» Your task:
Would you restate the listing word for word, with the images omitted?

--- Dataset excerpt ---

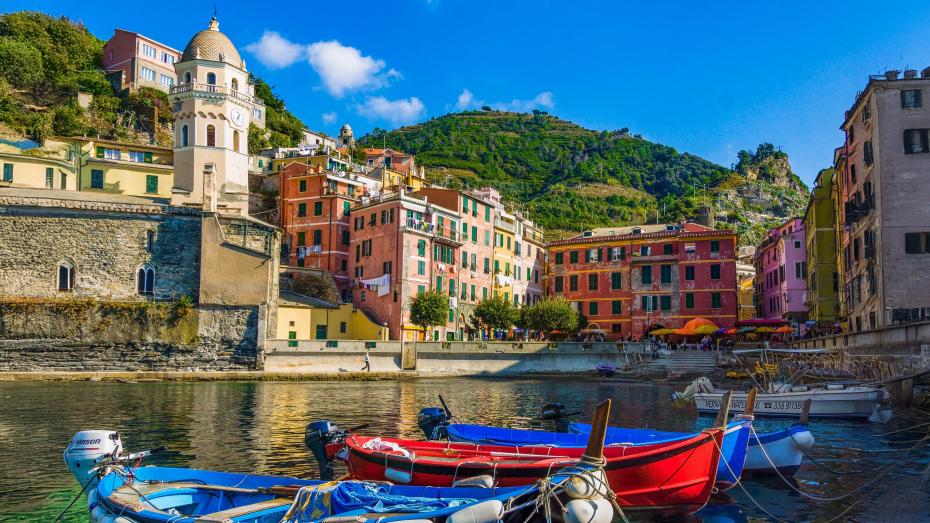 Itálie patří mezi nejnavštěvovanější destinace Čechů - na fotce Cinque Terre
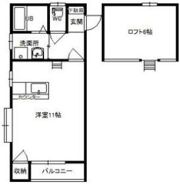 グリーンヴィラAの間取り画像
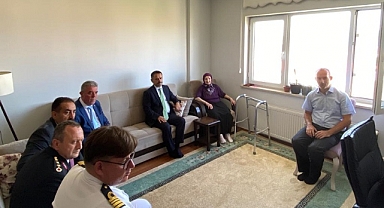 Vali Aktaş'tan Şehit Aileleri ve Gazilere ziyaret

---

» Answer area:
 Itálie patří mezi nejnavštěvovanější destinace Čechů - na fotce Cinque Terre
 グリーンヴィラAの間取り画像
 Vali Aktaş'tan Şehit Aileleri ve Gazilere ziyaret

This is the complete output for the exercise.